A September 26 2019 post to Reddit’s r/memes, “Simpsons predicted it yet again,” depicts Greta Thunberg seemingly glaring at President Donald Trump. To the left of that image is a purported screenshot of Lisa Simpson glaring at Trump:
Underneath the side-by-side photos of Thunberg/Trump and Lisa Simpson/Trump is an image of Thunberg (angrily addressing the United Nations Climate Action Summit), then a photograph of Lisa in front of a curtain, and finally, a Simpsons newspaper reading “Springfield Cleans Up Act” and “Pushy Kid Nags Town.” An earlier iteration of the meme lacked the central image in which Lisa Simpson purportedly mirrors Greta Thunberg glaring at Trump:
Outside the context of the claim, the meme might not make much sense, as it relies on readers’ knowledge that the Simpsons have already “predicted” numerous circumstances. A similar rumor circulated after a fire damaged the Notre Dame cathedral, but it was misleadingly arranged to create an impression that the show’s powers of prognostication were stronger than they were. By 2013, the meme spawned a BuzzFeed listicle about 21 purported predictions made by the series.
A related meme is simply “Simpsons Did It,” an old internet aphorism which broadly holds that “an idea widely perceived as original or new that may have been already portrayed in an episode of the long-running American animated TV sitcom The Simpsons” (an idea that itself originated on South Park.)

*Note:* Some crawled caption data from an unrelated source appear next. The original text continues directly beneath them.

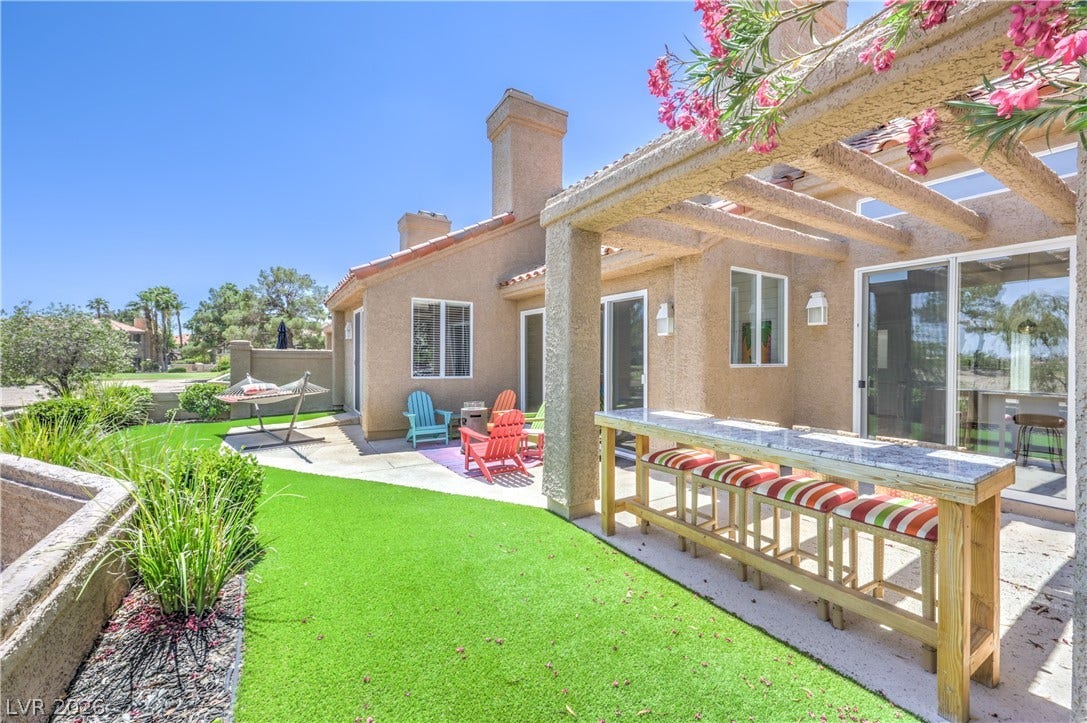8211 Round Hills Circle, Las Vegas, NV 89113 Enjoy outdoor entertaining with a dedicated patio bar and pergola, complemented by lush artificial turf landscaping and a peaceful hammock area.
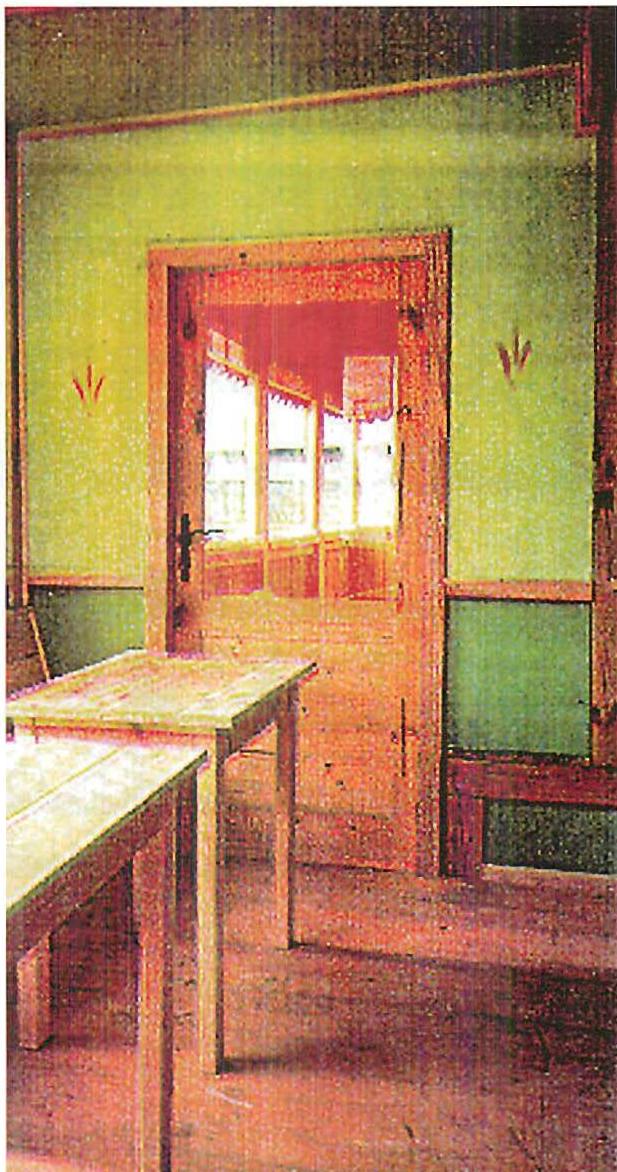 Upstairs interior of the Linz Cafe, Christopher Alexander, 1980. Sparse, nothing but plain tables, a perfect green, utter simplicity of rectangles in the wall and door.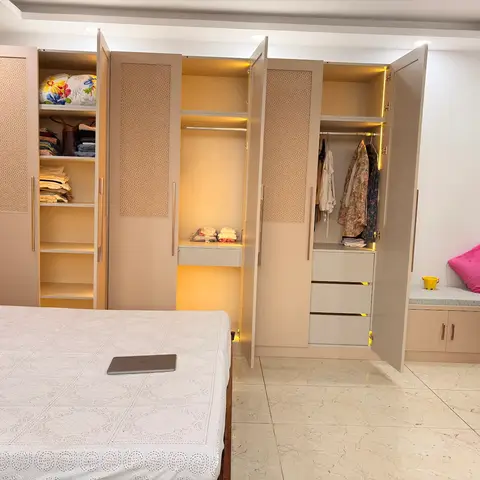 Full-height fitted wardrobe wall with internal shelf lighting, open shutters showing hanging rods and drawers, beside a cushioned window-seat nook.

One of the ways in which the meme survives is its reliance on an immeasurably large back-catalog of The Simpsons content, which is so detailed that all but a few die-hard fans are familiar with every single aspect of the show and related media. At least one element of the meme, the newspaper, originated in the 2007 animated film The Simpsons and a plotline involving Homer’s job at the power plant and the Environmental Protection Agency (EPA)’s involvement with a pollution scandal in Springfield.
In the film, Lisa attempts to get signatures for a petition to clean up a Springfield lake, and eventually co-hosts a presentation with a boy. That presentation is called “An Irritating Truth,” a reference to Al Gore’s An Inconvenient Truth:
Meanwhile, while Lisa tries to get signatures for a petition to clean up Lake Springfield (unsuccessfully). She meets an Irish boy named Colin, who is also has a petition for the same cause … Lisa and Colin combine their efforts to give a presentation called “An Irritating Truth” at Town Hall. But because the average Springfielder could care less about the environment, and namely seemed to miss the overall point anyways, such as when she accidentally focused on her crush on Colin and when her moving platform briefly malfunctioned before she could get it to the height needed to demonstrate her point, she reveals that she put the lake water in their drinking glasses, causing everyone to spit out the water they just drank. When Lisa’s tactic is successful, Moe suggests to the town that they hate kids, but Mayor Quimby finally gets to Lisa’s point and forbids any more dumping, declaring a state of emergency.
Later portions of the film do involve a celebrity president — but not Donald Trump. Another element of the film relates to the EPA’s decision to wall Springfield off due to its pollution:
Russ Cargill, head of the EPA, tells President Schwarzenegger that Springfield is so polluted that the government must take drastic action. He provides Schwarzenegger with five options and he picks option 3 at random without looking, saying he was elected to “lead, not to read”. Option 3 means trapping the entire town of Springfield under a gigantic dome.
Trump has been featured numerous times on The Simpsons, making it possible the screenshot depicting Lisa glaring at Trump not implausible:
However, a reverse image search indicated that as far back as 2016, the image seen did not actually feature an angry Lisa:
A TVLine.com blog post featuring the screenshot indicated the program from which it originated aired in August 2016, and was not related to Lisa’s crusade in the 2007 Simpsons movie.
Like most “Simpsons predicted this” memes, the Greta Thunberg vs. Lisa Simpson version was padded with doctored screenshots to advance the claim that the show had “predicted” Thunberg’s advocacy via Lisa. Although a subplot in the 2007 feature film The Simpsons did include Lisa’s presentation of “An Irritating Truth” (and the newspaper did appear on screen), the most notable portion of the meme, the “glaring Lisa” screenshot, was fabricated. Trump did not appear as a character in the film, and elements of the film were paired with a doctored screengrab to falsely suggest otherwise.